Good to know! In my case I confirmed it was the one and only line that was causing the endless activation loop. Maybe it’s some kind of edge case… my persist mount is a btrfs subvolume with neededForBoot set to true.

ElvishJerricco · November 4, 2024, 6:45pm

I suspect you had changed the fileSystems configuration somehow and that was causing switch-to-configuration to want to restart those mount units, leading to the aforementioned bug / PR, which leads to the looping.

damscal · November 4, 2024, 6:56pm

Yes, after my last backup I had changed the fs label, so when I restored from the backup as a quick fix I changed the fileSystem config to use by-partlabel instead of changing the fs label again. However for some reason by-partlabel is not working in my case.

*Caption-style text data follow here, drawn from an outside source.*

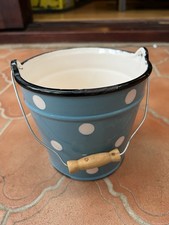 small, light blue metal pail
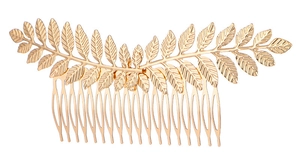 Detailed view of a golden leaf-shaped hair comb with 15 metal teeth for hairstyling
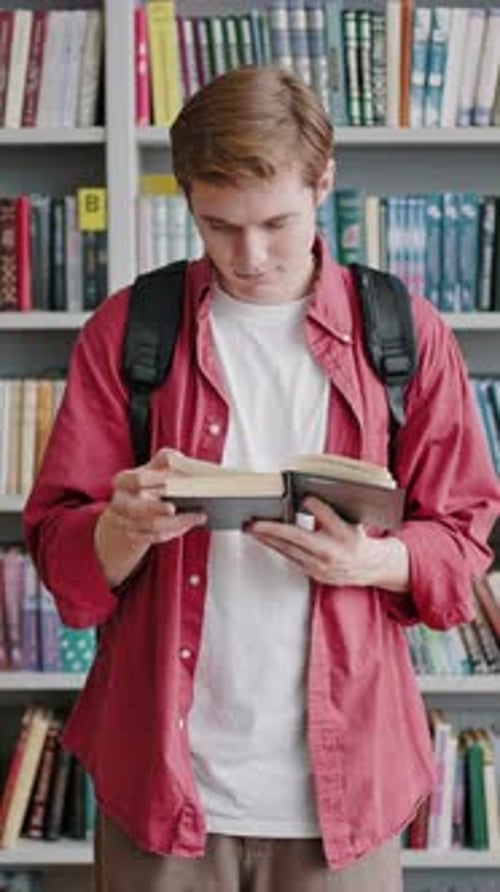 Young Man Reads Book Standing Against Bookshelves in Library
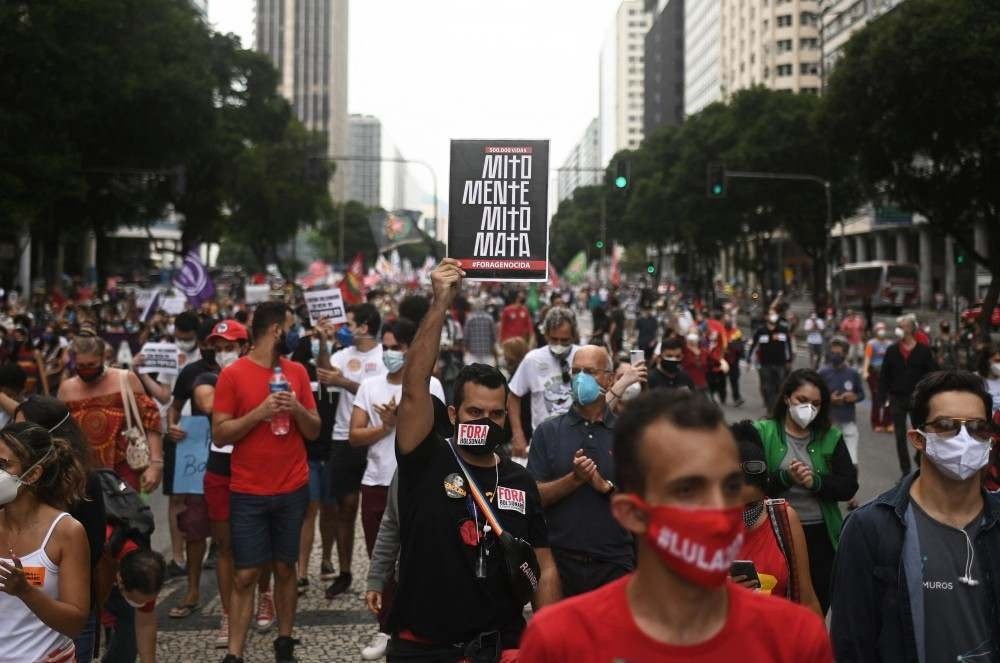 Um manifestante segura uma placa dizendo 'Mito mente, mito mata' durante um protesto contra o tratamento da pandemia Covid-19 pelo presidente brasileiro Jair Bolsonaro no Rio de Janeiro, Brasil, em 19 de junho de 2021. O presidente de extrema direita Jair Bolsonaro vem enfrentando críticas por sua gestão da pandemia, incluindo inicialmente recusar ofertas de vacinas, como os epidemiologistas alertam que o Brasil pode agora estar à beira de uma terceira onda de Covid-19.
Andre Borges / AFP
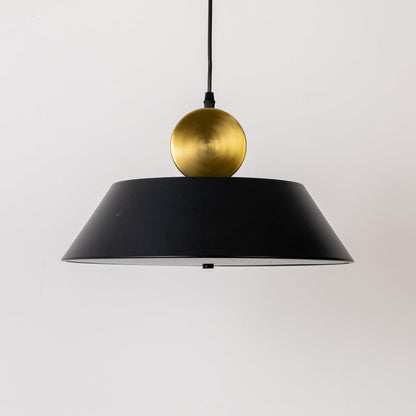Closeup of black metal pendant light with gold sphere detail highlighting smooth finish premium materials and modern lighting design.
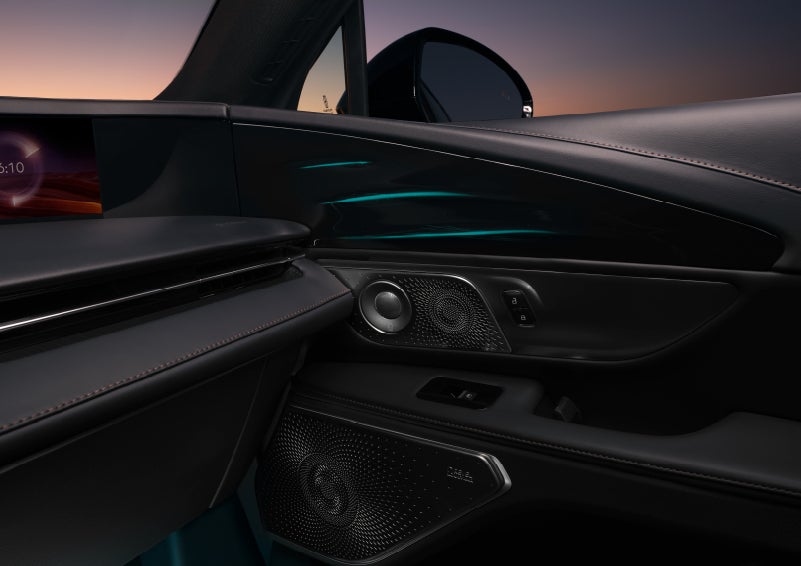 Selectable ambient lighting glows in the passenger door panel. | Loveland Lincoln in Loveland CO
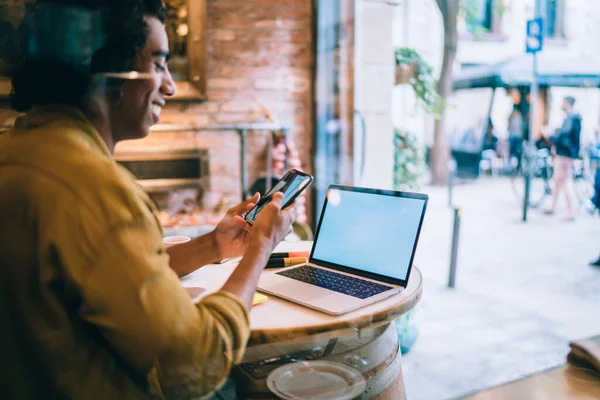 Glass Side View Cheerful Ethnic Male Freelancer Using Smartphone While — Stock Photo, Image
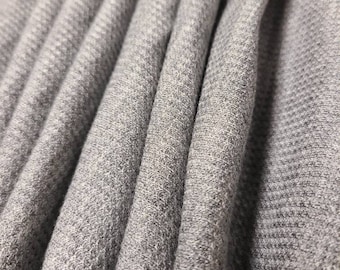 May include: Close-up of a gray, textured fabric with a subtle herringbone pattern. The fabric is folded in a series of pleats, creating a soft and inviting look.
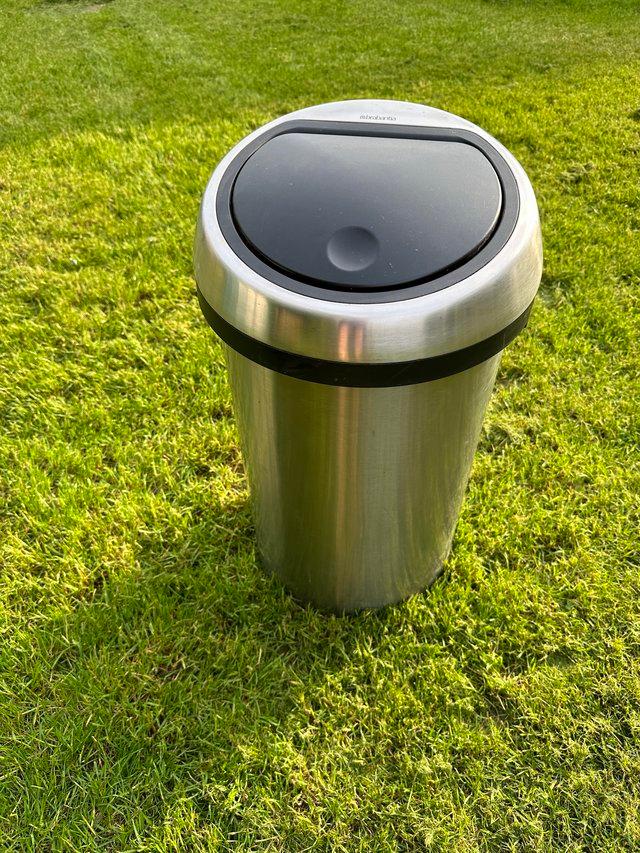 Preview of the first image of Brabantia push top 50ltr bin in stainless steel finish.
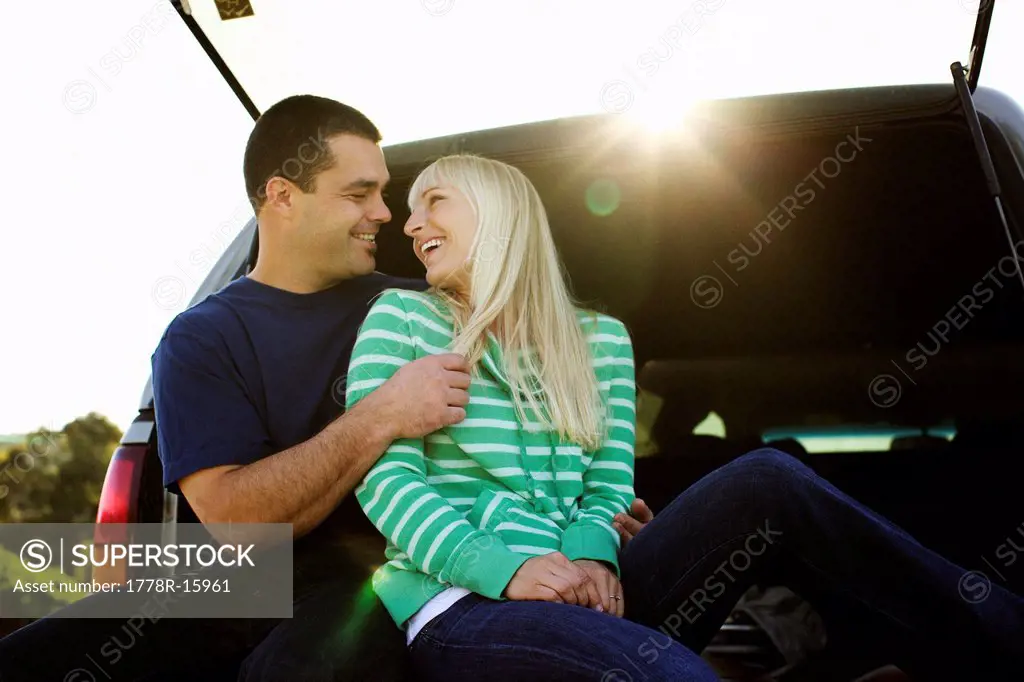 Couple enjoy themselves while sitting on the back of a truck in a parking lot.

ElvishJerricco · November 4, 2024, 6:58pm

Like I said, it’s not because you used by-partlabel, it’s because changing the fileSystems configuration led to the issue fixed by the PR I linked. by-partlabel is not the problem.

damscal · November 4, 2024, 7:50pm

I see, then do you know if there is a way to change my fileSystems config (e.g. using by-partlabel) without falling into the bug? I mean other than switching to nixos-unstable and waiting for the fix

ElvishJerricco · November 4, 2024, 7:54pm

You can probably do nixos-rebuild boot instead of nixos-rebuild switch and then reboot.